Anthony Watt does this analysis from USHCN raw all the way through to the GISS adjusted number  (the USHCN adjusts the number, and then the GISS adds their own adjustments on top of these adjustments).  The result:  100%+ of the 20th century global warming signal comes from the adjustments.  [Update: I was not very clear on this — this is merely an example for one single site — it is not for the USHCN or GISS index as a whole.  This is merely an example of the low signal to noise ratio in much of the surface temperature record]  There is actually a cooling signal in the raw data:

temperature_adjustments21

Now, I really, really don’t want to be misinterpreted on this, so a few notes are necessary:

  1. Many of the adjustments are quite necessary, such as time of observation adjustments, adjustments for changing equipment, and adjustments for changing site locations and/or urbanization.  However, all of these adjustments are educated guesses.  Some, like the time of observation adjustment, probably are decent guesses.  Some, like site location adjustments, are terrible (as demonstrated at surfacestations.org).The point is that finding a temperature change signal over time with current technologies is a measurement subject to a lot of noise.  We are looking for a signal on the order of magnitude of 0.5C where adjustments to individual raw instrument values might be 2-3C.  It is a very low signal-noise environment, and one that is inherently subject to biases  (researches who expect to find a lot of warming will, not surprisingly, adjust a lot of measurements higher).
  2. Warming has occurred in the 20th century.  The exact number is unclear, but we have much better data via satellites now that have shown a warming trend since 1979, though that trend is lower than the one that results from surface temperature measurements with all these discretionary adjustments.

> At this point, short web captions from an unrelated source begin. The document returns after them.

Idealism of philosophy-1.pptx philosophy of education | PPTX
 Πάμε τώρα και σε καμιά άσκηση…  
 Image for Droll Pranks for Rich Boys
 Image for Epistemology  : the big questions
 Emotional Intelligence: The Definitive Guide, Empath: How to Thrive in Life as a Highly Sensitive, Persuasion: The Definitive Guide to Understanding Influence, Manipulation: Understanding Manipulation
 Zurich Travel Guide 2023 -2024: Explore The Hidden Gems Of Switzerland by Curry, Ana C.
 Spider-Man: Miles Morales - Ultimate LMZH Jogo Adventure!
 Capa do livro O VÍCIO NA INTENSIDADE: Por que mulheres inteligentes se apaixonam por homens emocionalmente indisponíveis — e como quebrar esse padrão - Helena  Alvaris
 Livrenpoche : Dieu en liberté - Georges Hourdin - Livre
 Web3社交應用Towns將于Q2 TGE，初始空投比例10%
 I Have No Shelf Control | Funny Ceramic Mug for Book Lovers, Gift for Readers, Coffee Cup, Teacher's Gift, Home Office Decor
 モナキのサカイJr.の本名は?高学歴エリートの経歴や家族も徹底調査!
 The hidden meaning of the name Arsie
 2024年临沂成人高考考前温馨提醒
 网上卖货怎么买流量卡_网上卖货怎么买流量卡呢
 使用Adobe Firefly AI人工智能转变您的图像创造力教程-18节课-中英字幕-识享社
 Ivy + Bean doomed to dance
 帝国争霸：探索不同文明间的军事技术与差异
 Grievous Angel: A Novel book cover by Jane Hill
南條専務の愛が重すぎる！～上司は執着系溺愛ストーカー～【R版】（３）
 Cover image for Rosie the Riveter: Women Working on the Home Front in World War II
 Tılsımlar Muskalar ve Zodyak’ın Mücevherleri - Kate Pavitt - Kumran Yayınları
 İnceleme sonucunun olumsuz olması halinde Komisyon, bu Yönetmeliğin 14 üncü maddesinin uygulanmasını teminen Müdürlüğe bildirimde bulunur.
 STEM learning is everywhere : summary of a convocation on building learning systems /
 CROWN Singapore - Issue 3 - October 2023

41 thoughts on “Global Warming Is Caused by Computers”

  1. As an engineer, any time the adjustments reach the magnitude of the signal I get concerned. This is not to say adjustments are not reasonable.

    I have been looking for a way to get at the raw and adjusted data. It might be pretty easy to come by but I haven’t found it yet. Can you tell me where the data for your graph came from and how you did your calcs?

  2. As an engineer, any time the adjustments reach the magnitude of the signal I get concerned. This is not to say adjustments are not reasonable.

    I have been looking for a way to get at the raw and adjusted data. It might be pretty easy to come by but I haven’t found it yet. Can you tell me where the data for your graph came from and how you did your calcs?

  3. Yes, the climate ahs changed some in the past 100 years.
    Yes, we ahve likely influenced that change some.
    That does not mean that the predictions made about that change by the IPCC/Hansen complex is accurate or even at all useful.
    This report, showing how the AGW crisis is a fabrication of AGW promoters, is merely the latest.
    And remember: computers don’t lie, but liars use computers.

  4. “The result: 100%+ of the 20th century global warming signal comes from the adjustments” – how often does it need to be said? The US is not the world. You can’t use US measurements to make any claims about global warming.

    “The exact number is unclear, but we have much better data via satellites now that have shown a warming trend since 1979, though that trend is lower than the one that results from surface temperature measurements with all these discretionary adjustments.” – Here is a graph of the four main temperature measures, two from satellites and two from ground-based measurements. Without looking at they key, can you tell which ones are satellite and which ones are ground based?

  5. I am not so sure about even the time of observation bias. I’ve looked into it an I am not at all certain how one takes min/max recorded at a given time of the day and “adjusts” it to what would have been measured at midnight. You are just creating data that is not there. Typically when a scientist discovers that he has not recorded data he needs, he goes back and makes another measurement. Lacking a time machine – we are simply stuck with the data we have, and need to develop analytical methods that are not sensitive to its deficiencies.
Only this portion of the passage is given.